Touring The Space-Time (Dis)Continuum
Oh, I've got to stop watching that SyFy Channel. But not today.
It has struck me that the so-called Great Recession has encouraged the ascendancy of the cost-cutters. You know, the ones who don't get that price isn't the same as cost, and that cost isn't the same as value. When tough times strike in an age of short attention spans, lust for instant gratification, and worship at the altar of the false gods of quarterly earnings, this crowd begins to think of themselves as the new priestly class.
And, when they begin to eviscerate the human infrastructure of supply chain organizations, the effects can be both long-lasting and deadly for both the host organization and its relationships with business partners. The problem lies in, I suspect, that the results of cost-cutting are immediately apparent on the bottom line. The consequences, however, are felt gradually, over a longer period, and without an obvious cause for the effect.

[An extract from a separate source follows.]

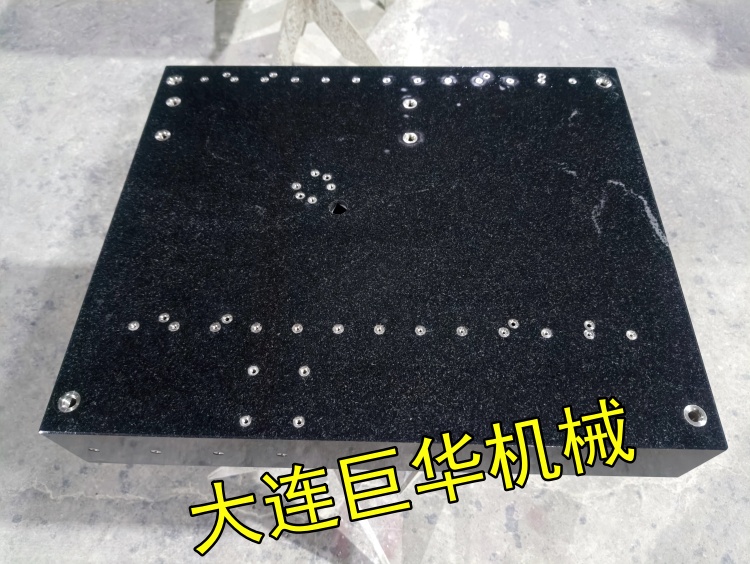 大理石底板上面的螺絲扭力多大的？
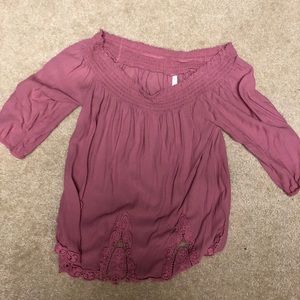 Off the shoulder pink top!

By the time that things go from not feeling quite right, to deteriorating performance and frayed supply chain relationships, and finally to the brink of irretrievable failure, the architects of collapse have likely moved on, generally upward.
I am among the first to recognize that aggressive cost reduction can be the only hope for a company in crisis. But, cost reduction is not the same as improving performance.
We seem to need to learn this lesson once every generation. And, so we wait for the pendulum to swing back, hoping that the learnings will stick with a few more practitioners than the last time out.